In Carmesh, we view the car as the extension of your digital life. When you enter the car, digital engagement transfers seamlessly to the new context. This means many things – key aspects include:
- easy integration between navigation and activity in digital world e.g. places you talk about on chat, friend’s addresses in social networks, meeting locations in calendaring services, etc;
- integration between mobile device(s) and auto context, as mobile device is (one) home for much of this information;
- integration between specific apps which make sense in the automotive context (eg Facebook timeline, Google Maps with traffic etc) leveraging automotive interface components;
- extensibility – it’s possible to add new applications to the automotive context which can take information for different sources – mounted cameras, sensor information, location and analytics of driver behaviour, personalized fuel efficiency, etc
While it is possible to articulate such a high level vision – and indeed, many subscribe to this vision – in a coherent manner, the reality is that this will be realized in a much less singular fashion.

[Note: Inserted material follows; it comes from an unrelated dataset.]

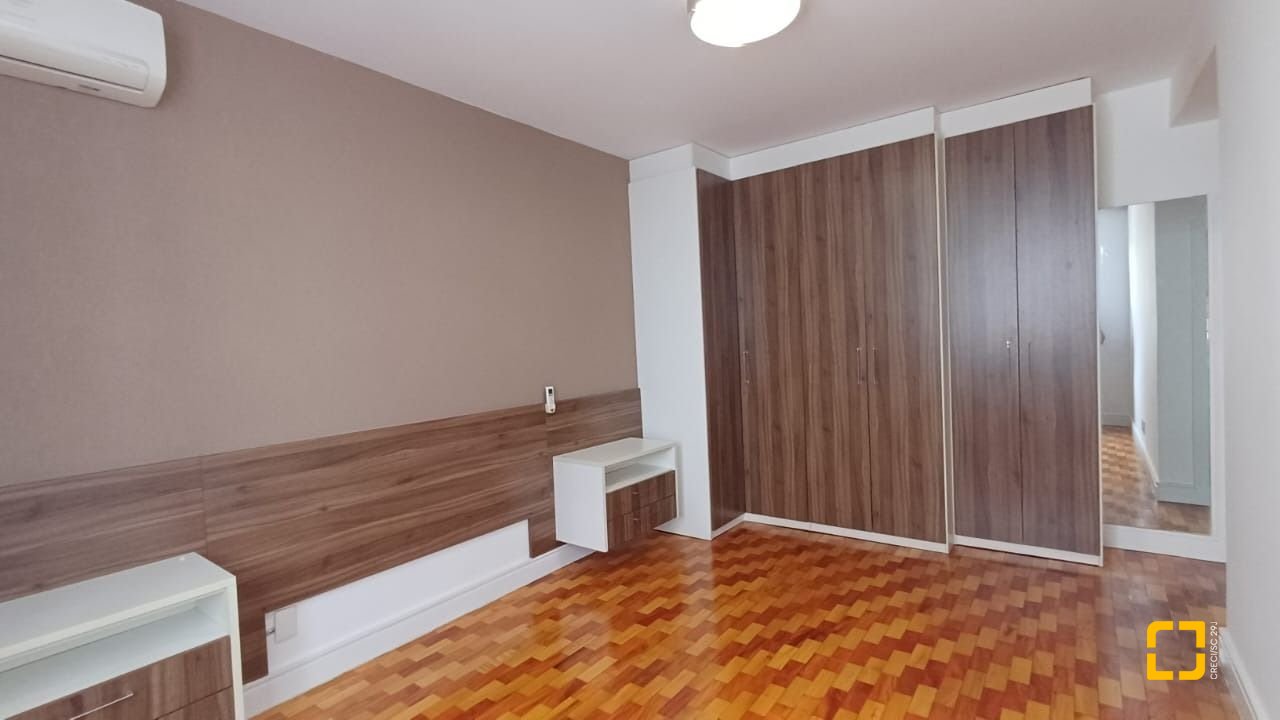 Apartamento com 139m², 4 quartos (sendo 1 suíte), 1 garagem, no bairro Centro em Florianópolis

Aspects of this vision will appear in places and there will be differing degrees of ‘connectedness’.
Challenges associated with realizing this vision include:
- Large heterogeneity in the automotive context and little work on making standardized automotive platforms meaning that each auto vendor has different view on realizing the Connected Car;
- Long car lifetime, meaning that cars shipping today which have little support for the Connected Car will be on the road for about 10 years – some aftermarket solutions are necessary in this case;
- Heterogeneity in wireless connectivity – different cars will have different wireless interfaces, some with advanced cellular, some with less advanced cellular, some with Wifi etc.;
- Heterogeneity in automotive interface components – some cars will have basic in-car displays, some will have more advanced graphic displays and some will have on screen projectors
The vision which is increasingly being understood by the auto industry is that the mobile must play a significant role in the automotive context. The mobile device can run apps which are tailored to the automotive context. Cars will have varying degrees of support for mobile integration – for those cars that have little, the experience will be entirely dominated by the phone. Those cars that have a good mobile integration solution will be well received in the market with consumers increasingly interested in advanced in-car automotive services.

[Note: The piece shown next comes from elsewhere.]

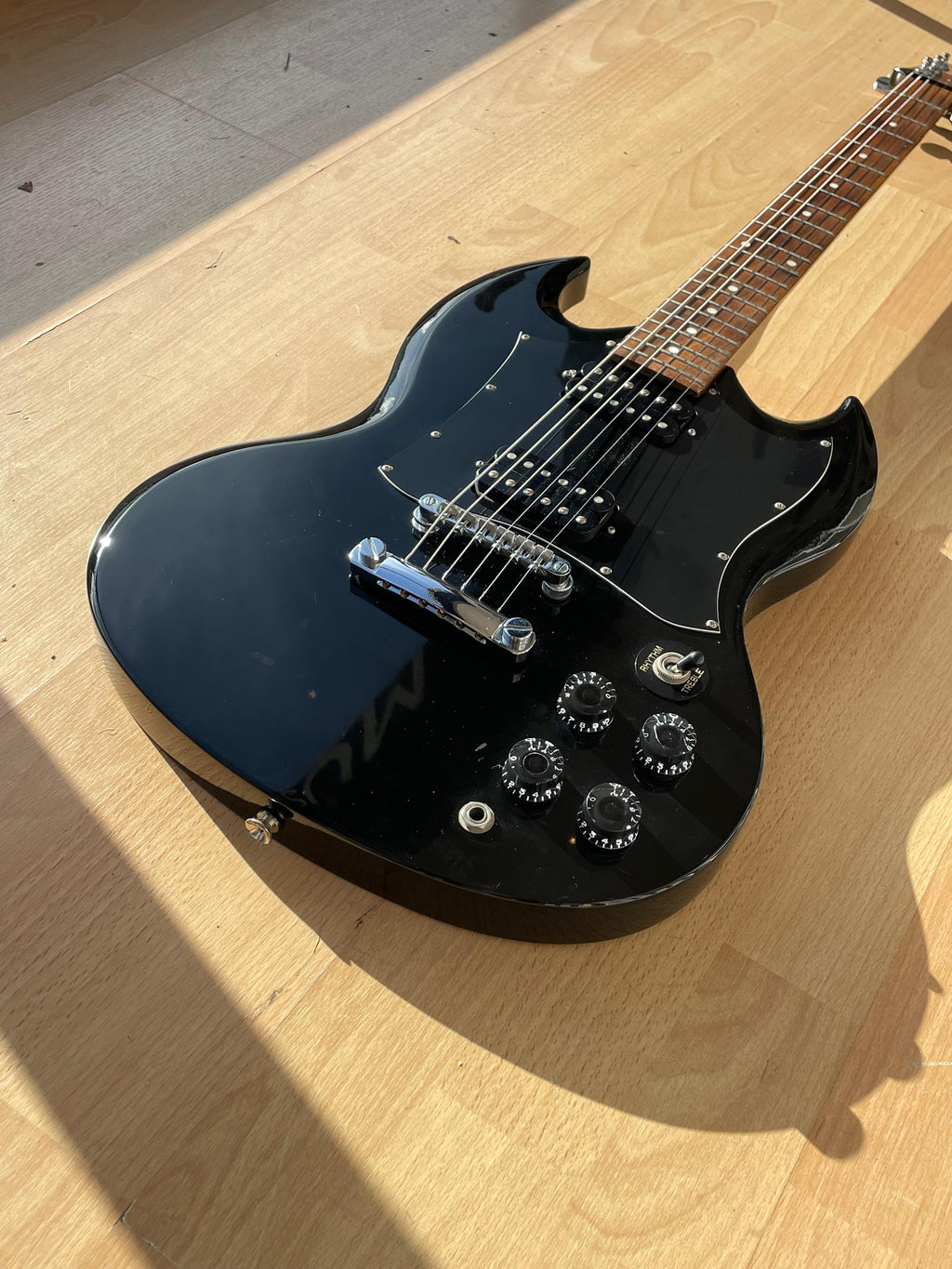 Epiphone SG 4 in  Black - Excellent Condition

With Juniper Research recently forecasting that the automotive applications market should reach $800m by 2017 , it is clear that the Connected Car offers significant opportunity. However, to realize a society in which our digital world integrates seamlessly with our automotive experience, automotive platforms need to become more uniform for developers to be able to deploy in car apps without needing to deal with the idiosyncracies of each manufacturer and varying functionalities offered by different models.